San Jose is exploring extending the right to vote for noncitizen residents, but it may not be constitutional in California.
At a San Jose City Council study session Tuesday, more than 100 residents spoke in favor of extending the right to vote in local elections to all residents, regardless of immigration status. The proposal, introduced by Councilmembers Magdalena Carrasco and Sylvia Arenas earlier this year, would give about 100,000 noncitizen residents in San Jose a right to select new lawmakers and weigh in on different policies in future local elections.
While some councilmembers support extending voting rights to noncitizens, others said it may go against the state constitution—highlighting two related lawsuits in other Bay Area cities.
San Francisco passed a law in 2016 to allow noncitizen parents to vote in school board elections, and Oakland voters have a similar ballot measure coming before them in November.
Both cities are facing lawsuits centered around language in the state constitution. San Francisco’s rule was struck down by a trial court and is expected to be appealed. Oakland has yet to be served with the lawsuit.
Mayor Sam Liccardo, as well as Councilmembers Matt Mahan and Dev Davis, said San Jose could be vulnerable to lawsuits, and that local efforts appear fruitless unless a legal pathway is determined.
“There needs to be a vote by the voters of the state of California to change the constitution or we’re just spinning our wheels here,” Liccardo said. “I think this is a very interesting (and important) conversation, but one that is not going to get us to any results until there’s a court somewhere that indicates that this is actually constitutional.”
Davis said the cost to get a measure extending voting rights on the ballot would be roughly $3 million, and noted it could be better spent elsewhere.
However, others argue noncitizen voting has several benefits and is not a new practice in the United States. San Francisco State political science professor Ron Hayduk, who spoke as an expert to council, said 40 states allowed immigrant voting at some point in time between 1776 and 1926.
“For the majority of our history, noncitizens could vote,” Hayduk said. “But noncitizen voting was rolled back state by state, during periods of time with nativism and xenophobia.”

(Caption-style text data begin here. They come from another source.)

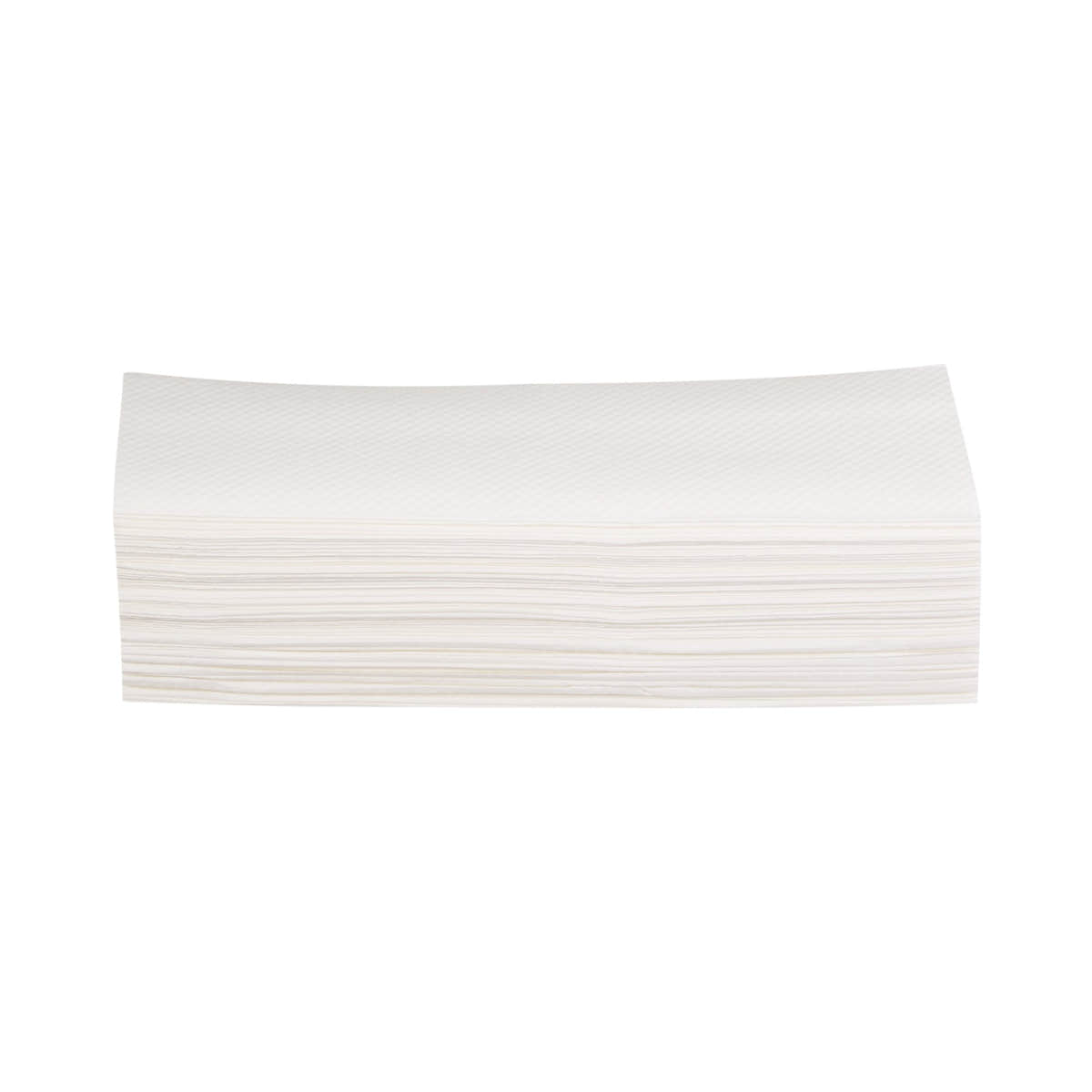 McKesson Premium Paper Towel -Case of 4000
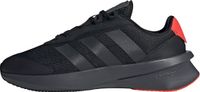 adidas Heawyn Schuhe - Herren - Schwarz - 44 2/3
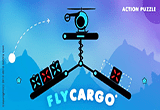 دانلود Fly Cargo 2.1.5 for Android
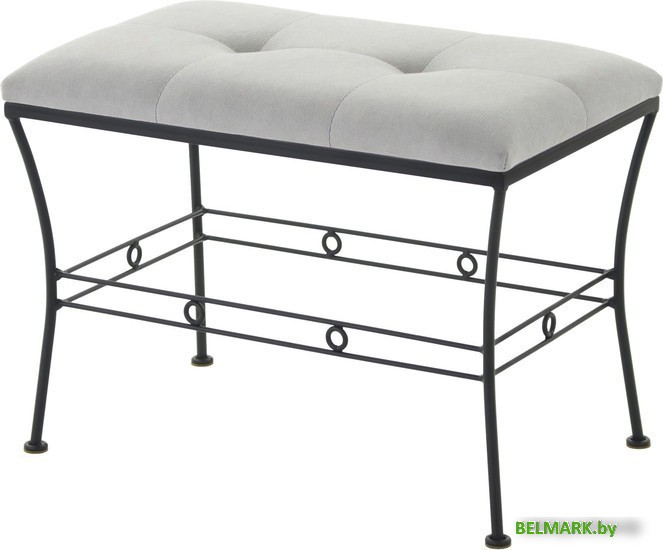 Банкетка AMC Adel 6.2-А 6016 - фото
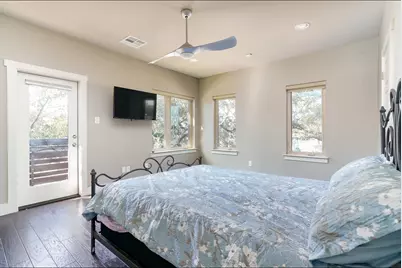 603 Leigh Street, San Antonio, TX 78210 - Photo 15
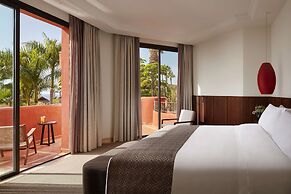 Tivoli la Caleta Resort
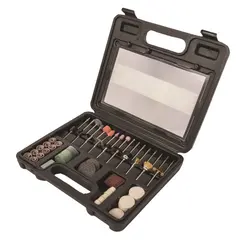 Set of accessories RAIDER 139901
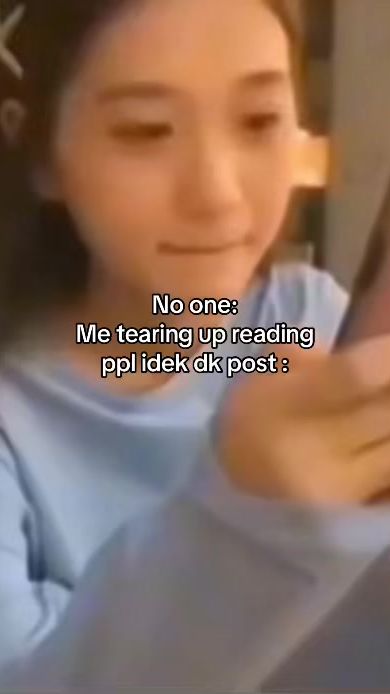 TikTok video thumbnail by freestyledisc0sounds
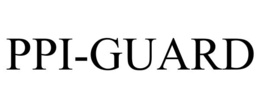 ppi-guard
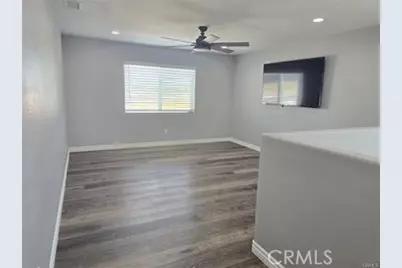 43160 Volterra Street, Temecula, CA 92592 - Photo 10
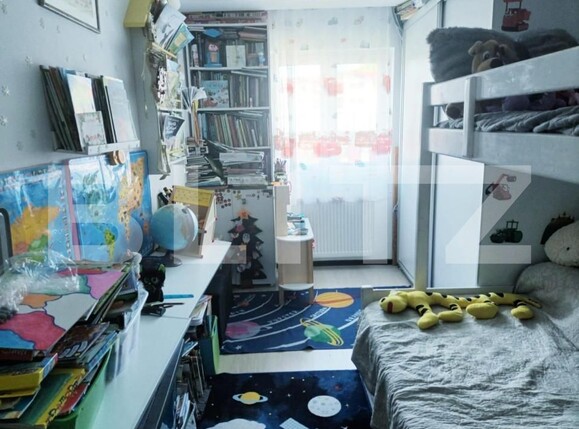 Apartament de vânzare 3 camere Floreşti - 142305AV | BLITZ Cluj-Napoca | Poza7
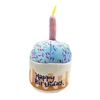 Anniversaire-chien-Anniversaire-chat-Gateau-anniversaire-chien-Gateau-anniversaire-chat-Cadeau-anniversaire-chien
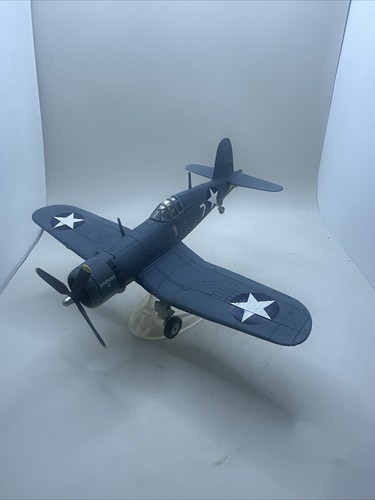 Corgi scale aa33001 - 1/72,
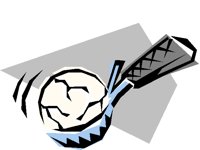 FOOD0060.BMP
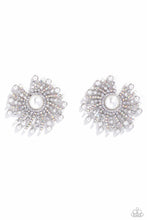 Load image into Gallery viewer, 1223 Life of the Party Blissentials Paparazzi Accessories

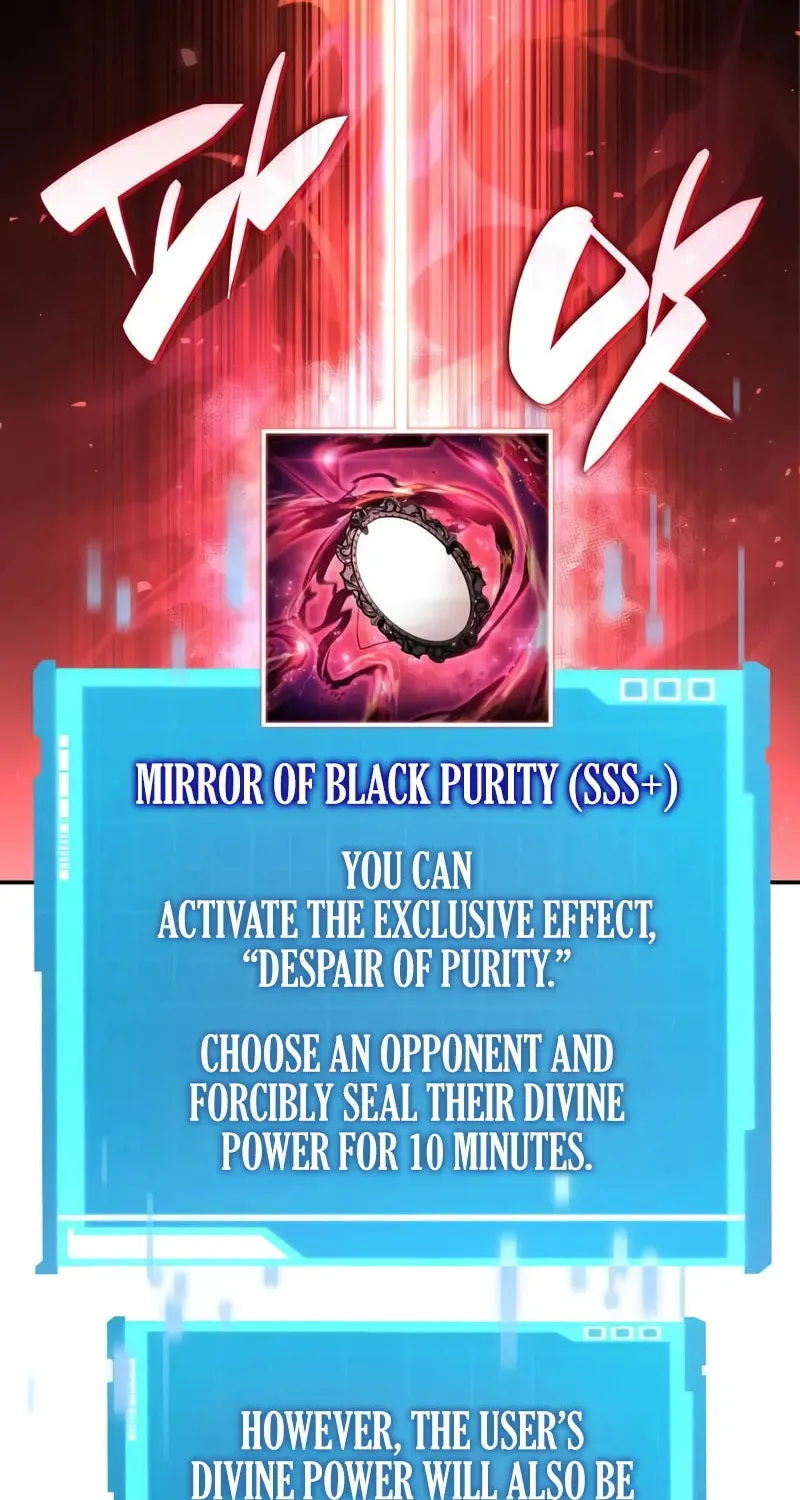 Read Boundless Necromancer chapter 147 image 26 on Lezhin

Hayduk said the practice ended in 1926 until an expansion of voting rights in 2021 in New York City, which resulted in an uptick in voter turnout.

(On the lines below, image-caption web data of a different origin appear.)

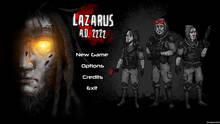 Imagen 2 de Lazarus A.D. 2222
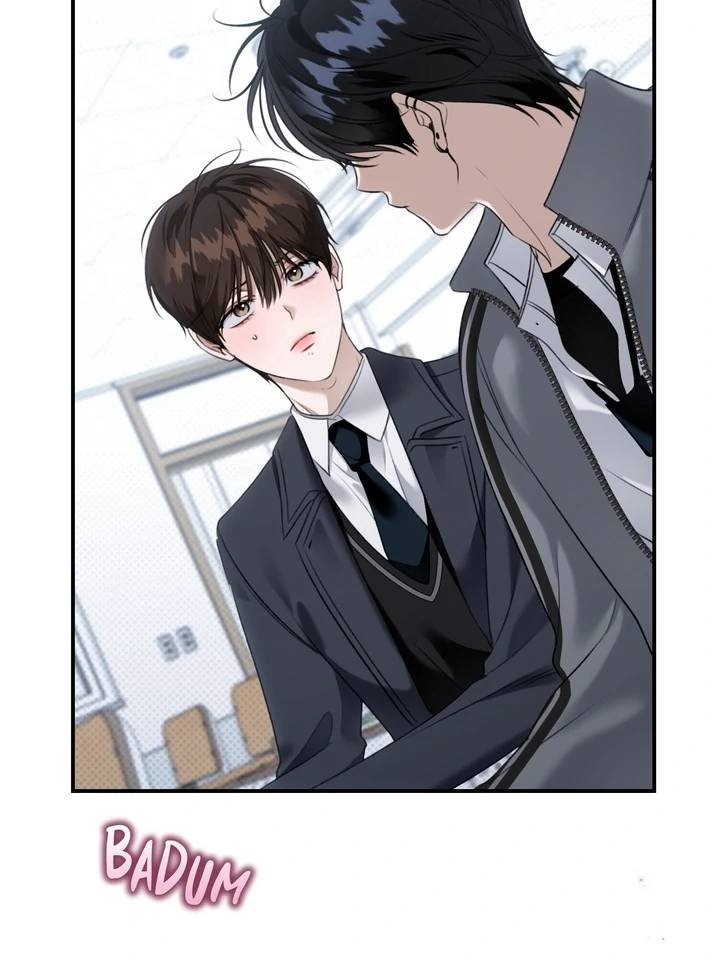 Eighteens-Bed-By-Cheongdam-Eng page 85
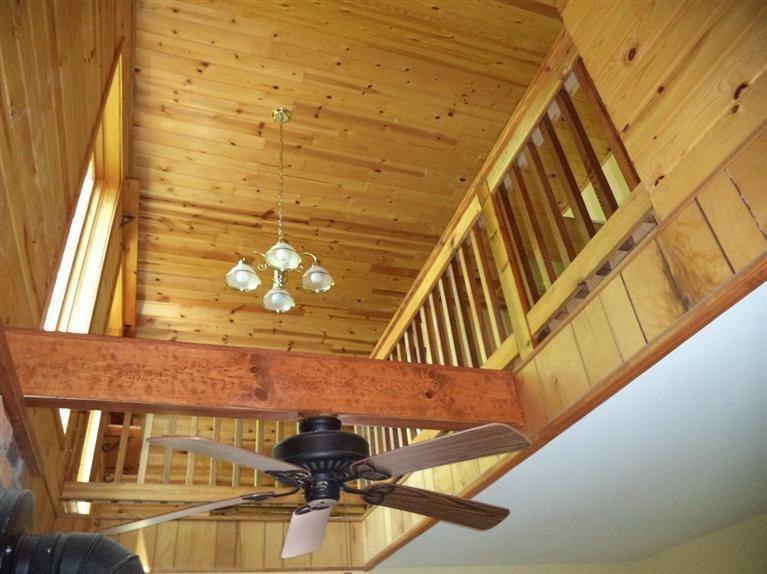 5149 Joslin Lake Road Gregory, MI 48137 - Photo 6 of 32 Photo 6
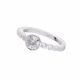 Anillo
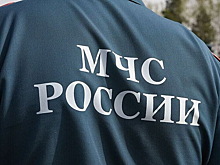 Пропавшую под Красноярском семью с ребенком перестали искать по одной причине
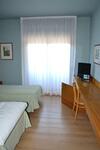 Hotel Canturio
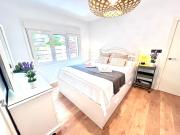 Top Chiclana de la Frontera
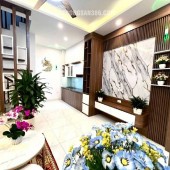 VIP THANH BÌNH HÀ ĐÔNG- MT 7M- 7.85 TỶ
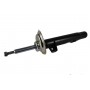 AGB036MT MAGNUM TECHNOLOGY Амортизатор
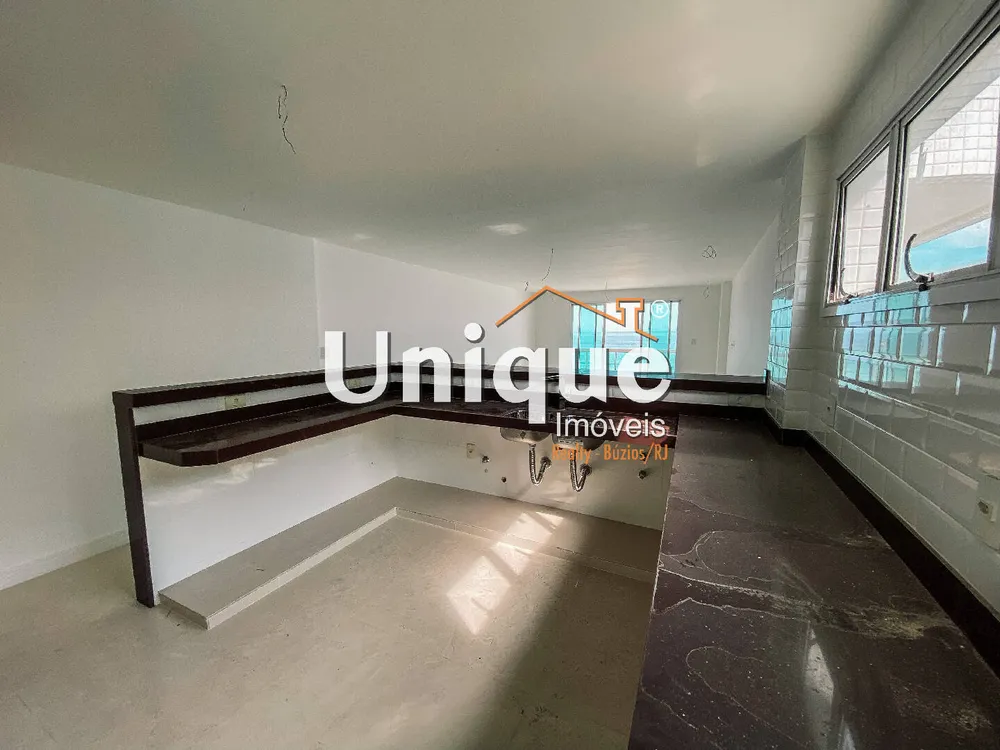 Cobertura, 6 quartos, 320 m² - Foto 6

‘The fate of a whole community’
Supporters say extending the right to vote in local elections is only fair because noncitizens in San Jose who pay taxes, contribute to the economy and shape the city’s culture deserve a say in policies affecting their community. In San Jose, immigrants including noncitizens paid $20 billion in state and local taxes alone, according to a 2019 study by the New American Economy, a bipartisan immigration research and advocacy nonprofit.
“It just doesn’t make sense for families who are here every single day to not be able to participate in the future,” Jose Murillo, director of finance at Amigos de Guadalupe, told San José Spotlight. “I think about my parents who are not U.S. citizens. My mom works at the school district helping kids, but she herself cannot help determine the fate of a whole community.”
However, opponents argue voting should be reserved for citizens and extending that right could lead to corruption.
“I’m sorry if people are waiting long to become a citizen, but this is a federal government issue so we should address it on a federal level—not on a local level,” said longtime District 8 resident Mariela, who did not disclose her last name. She worries the local proposal could allow hundreds of non-American, non-residents to flood elections and negatively impact the outcomes.
More than 40 people rallied outside San Jose City Hall in support of expanding voting rights before the study session, including members of groups such as Latinos United for a New America (LUNA), the Services, Immigrant Rights and Education Network (SIREN) and Amigos de Guadalupe.
“My family will be one of the benefactors if this decision takes effect,” said Yolanda Chavez, LUNA. “We will transform our schools and communities once we are able to choose who (is elected).”
Jose Servin, spokesperson for SIREN, said he’s fighting to expand voting rights to give a voice to the immigrants in the city who can’t cast ballots.
“We’ve been in these meetings, we’ve been taking to the streets, we’ve been out here making changes,” Servin said. “If they can charge taxes, they can let us vote.”
Carrasco and Arenas initially introduced the idea in January, hoping to get a ballot measure before voters this year. However, the city council would’ve had to approve a measure by Aug. 12 for it to be on the November ballot.
It’s unclear if the proposal will come back to council, but some remain hopeful.
“We have some time, so I don’t want to make it seem as though this is the last opportunity because it’s not,” Councilmember Raul Peralez said. “We’re merely beginning the first formal conversation in the form of a study session.”